I think someone's implying that only old farts are into revolvers and all the young folk are into the latest fads in jamomatics.

I'm of the few exceptions to this rule.


----------



## Gutpile Charlie

*Geezer preference*

I'm 65 and have been shooting all my life. I now carry, and carry a snub revolver simply because it is small, concealable and light. I'm not concerned that it is only a .38 Special. I don't feel underguned. I put the shots where i want them and that's what counts. I own numerous autoloaders, however I have yet to find one that I trusted completely and I would stake my life on. Also, I think the revolver is much safer in everyday handling. I knew a woman nearly 40 years ago that accidently shot and killed herself with a hidden hammer semi-auto. So the story goes, she wasn't really a "shooter" and had an auto for protection. She didn't really "understand" how it worked and in futzing around with it, it went off and shot her in the chest. It was simply a matter of her not being trainned and having absolutely no mechanical knowledge of how the gun worked. What I like about double action revolvers is that they are as "safe as a brick at rest"! If you don't pull the trigger, they can't go bang. It doesn't get much better than that. Also, it makes you feel much safer when you stuff one in your pocket.


----------



## Baldy

I like you Charlie have been around a while. Carried stub noses for 40 + years. Wife bought a 1911 S&W. I started playing with it, and got me one. I'll never get rid of my revolovers, but these new autos work. I got one tuppaware gun, but it just don't move my soul. These new auto's are not the jam a matics that they were 25 to 30 years ago. I carry both on and off, just what ever strikes my fancy that day.


----------



## "JB"

I tried the 1911's and I hate the hammer and gip safety bite that is associated with carrying concealed. I love to shoot them, don't get me wrong. Alot of smackdown with a 230-gr .45 acp anything. But I encountered brass that just seemed to not want to keep the bullet tight, and when the slide cycled the bullet a 230-gr FMJ was rammed into the cartridge. This of course made me feel less confident of the Springfield GI's perfomance. But getting back to getting bitten when getting into a car by the hammer and grip safety. 

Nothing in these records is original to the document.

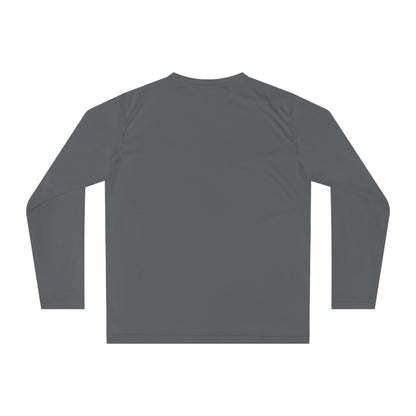 " Fearless " Unisex Performance Long Sleeve Shirt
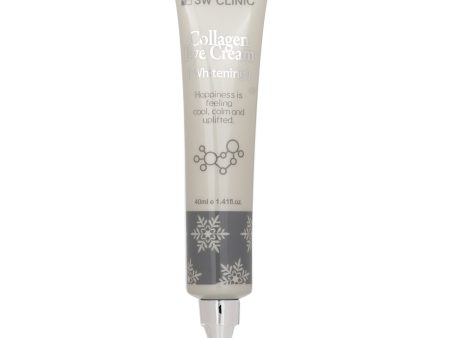 3W Clinic Eye Cream - Collagen  40ml 1.41oz Discount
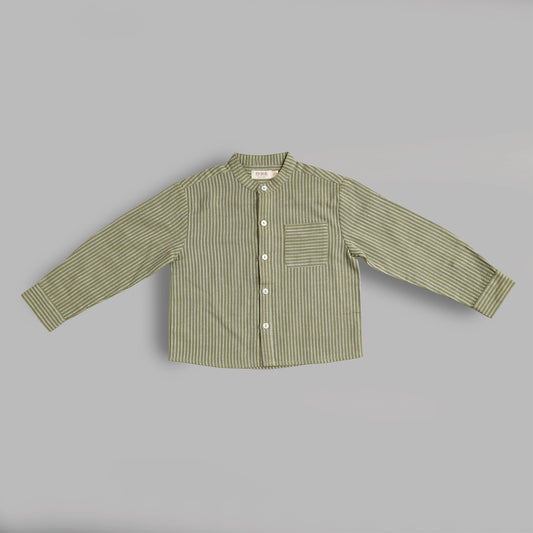 FoamShirt – The Textured Festive Shirt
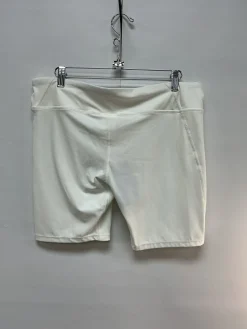 Used Under Armour Compress Pants W White XL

I guess 1911's are just not for me.....

But my carry gun is a 2" 5 shot 44 loaded at 44 spl velosties. Still got alot of smackdown too.


----------



## old frank

Wow, I just made it into the 60+ category by a few weeks.

I actually like all guns but I do have a fondness for S&W's. I have a 36,60,19,10,66 and 29 currently.

I am just as likely to go out the door with a 2" snubbie,A Kel-tec or a mini Glock in my pocket. A lot of times I let the weather and conditions dictate what I carry.

I also like Glocks and 1911s so I guess I just like most handguns.


----------



## Guzz

This is an interesting topic. I am 42, but I have to admit that I didn't get the revolver bug until 2 years ago. I was always into all the fancy new semi-automatics. Plus I always believed if you didn't own a Glock, you didn't own a gun..:mrgreen: Then I discovered Kimber :smt033 

I have to admit I still own semi-automatics 3 to 1 to revolvers, but I truly do enjoy shooting all of them equally.


----------



## madmag

I am 66. I am not the oldest to reply...am I? I hope not. I want to hear someone call me youngster again.


----------



## drifter44

At 63 I don't care if is wheel or auto as long as it goes bang when I want it to. I would like a Gatlin gun though.


----------



## FallGuy

All I know is there is a bunch of old farts on here:smt082 . Just kidding! I actually like wheel guns also. I have not bought any because I will inherit several. (Not anytime soon I hope)


----------



## TOF

I like all guns single shot, manual multiple, semi auto and full auto. Just can't afford ammo for full auto. Thats a shame.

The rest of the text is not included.